1-1. アウトバウンドコール業務が抱える「人」にまつわる課題
お客さまへの予約リマインダーやサービスのご案内は、ビジネスにおける大切なコミュニケーションです。
しかし、内容によっては同じことを繰り返す定型業務があることも実情です。
この定型業務は機械のような正確性が求められることも少なくなく、その業務に人間が対応し続けることで、「かけられる電話の数=人の数」という事業成長の壁が生まれたり、スタッフがスキルアップを実感できずに定着しなかったり、といった悩ましい「人」の課題が生まれてきます。
1-2. ゴール:キャンペーンのお知らせを自動化する
本コラムで構築するシステムのゴールは、「新キャンペーンのお知らせを、リストのお客さまに自動で一斉架電する」ことです。
完成形は、以下のような機能を持つシンプルな自動アナウンスシステムです。
- 指定した電話番号リストへ、自動で発信する
- 「キャンペーンのお知らせ」を自然な合成音声で伝える
この仕組みを、Amazon Connectを使って構築する手順を解説していきます。
2. Amazon Connectの「アウトバウンドキャンペーン」とは?
Amazon Connectのアウトバウンドキャンペーンは、電話、SMS、Eメールを使った大規模な発信業務を自動化・効率化するための機能です。
特に「エージェントレスアウトバウンドキャンペーン」は、その名の通りエージェントを介さず、事前に用意した対話シナリオ(問い合わせフロー)に沿ってシステムが自動で電話をかけてくれます。
2-1. どんな時に使える?具体的なユースケース紹介
決まった内容をたくさんの人に正確に伝える業務で、幅広く活用できます。
-
うっかり忘れを防止!リマインダー系
「歯医者さんの予約、明日でしたね!」「注文の商品、明日届きますよ!」など。 -
みんなに一斉連絡!お知らせ系
「本日のセール情報です!」「サービスのメンテナンスがあります」など。 -
簡単なご意見拝聴!アンケート系
「今回のサービス、満足なら1番を、不満なら2番を…」など。
3. アウトバウンドキャンペーンをエージェントレスで構築する
3-1. 事前準備(電話番号)
なにはともあれ、電話番号の取得をしましょう。
詳細な手順は下記の弊社コラムを参照してください。
【HOW TO】Amazon Connectの電話番号申請について解説
ざっくりとした手順をお伝えすると
- 必要な資料を揃える
- Amazon Connectインスタンスを作成する
- AWSサポートに電話番号の取得を申請する
- 待つ(最大60日かかる場合があるため、ご注意下さい)
- 電話番号の取得完了
番号取得に時間がかかるケースが多いため、利用計画がある場合は真っ先に、そして計画的に申請を行いましょう。
3-2. アウトバウンドキャンペーンの有効化
そうしたらアウトバウンドキャンペーンを有効化していきましょう。
Amazon Connectインスタンスから、「Outbound campaigns」を選択し、有効化をクリックします。
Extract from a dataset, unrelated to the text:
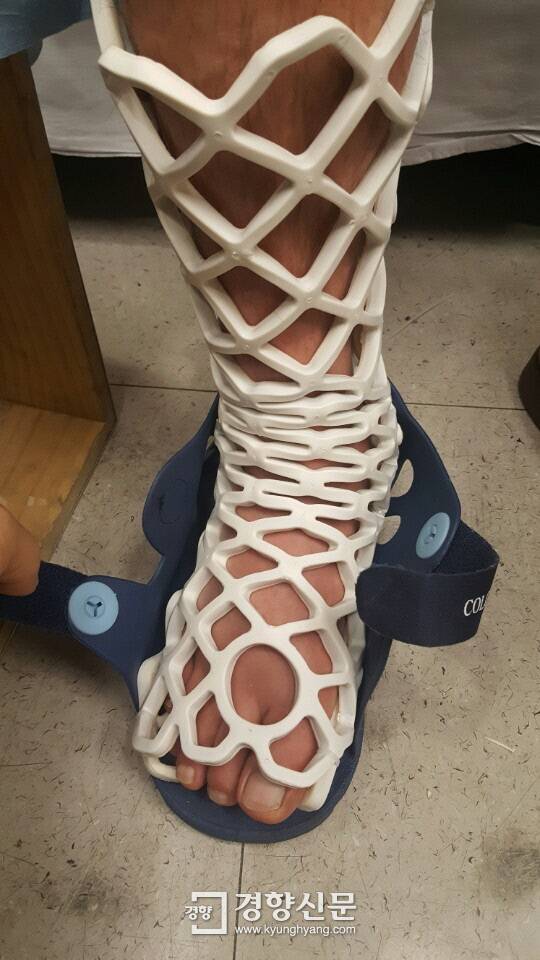 다리 골절 환자가 국내 원천기술로 개발된 신개념 깁스장치인 ‘오픈캐스트’를 착용하고 있다. 우리소재 제공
今回はデフォルトキーを使用するため、チェックを外し、「アウトバウンドキャンペーンを有効にする」をクリックします。

有効化はこれで完了です。
3-3. 顧客セグメントの作成
次に顧客セグメントを作成していきましょう。
Amazon Connect管理者コンソールから、「顧客セグメント」をクリックします。

「セグメントを作成する」→「From Customer Profiles」の順にクリックします。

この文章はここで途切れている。